Jack Smith's brief is in. Here are a few quick thoughts on what is in the brief, but perhaps of more interest is what isn’t included. Smith did not ask the court to reassign the case to another district judge on remand if he’s successful in the appeal. The ball is now in the 11th Circuit’s court.
The government asked for oral argument: No surprise here, and the court would likely ask the parties to appear before them to argue the case even without a request because the issue is both novel and important.
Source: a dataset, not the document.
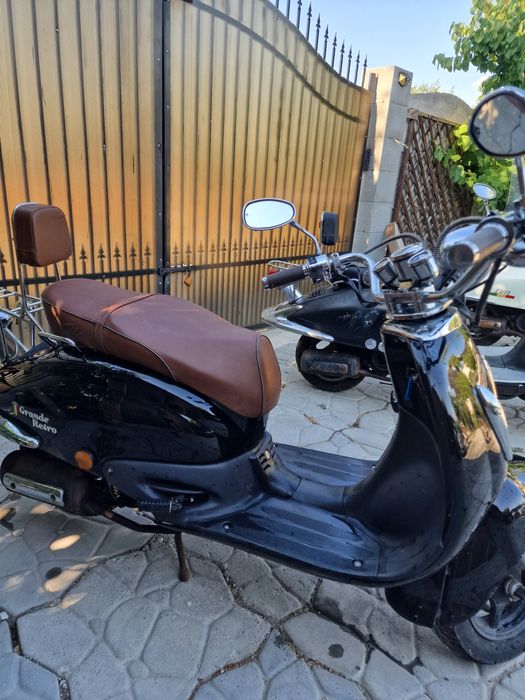 Vand retro scutere fara permis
We get a good overview of the government’s key arguments in the table of contents. They argue that Attorney General Merrick Garland was authorized by law to appoint a special counsel to handle this matter and that the funding mechanism used to support the special counsel’s work was lawful. Those are the two key arguments Judge Cannon ruled in Trump’s favor on. The government’s position is that she got it badly wrong.
We get a formal statement of the issues the government believes are before the court. Lots of legalese here, but the formal issues are a reflection of the two arguments the government makes, that we’ve already identified in the table of contents.
The government’s recitation of what happened in front of Judge Cannon is pretty vanilla. They had the option of delving a little more deeply into just how poorly she handled the matter, but chose the high ground. The closest they come to taking a swipe at here is here, where they point out that although she examined the key precedential case, U.S. v. Nixon, and understood what it said, she decided to ignore it. Despite the neutral language they use, they land the strong criticism, in the polite language of appellate lawyers.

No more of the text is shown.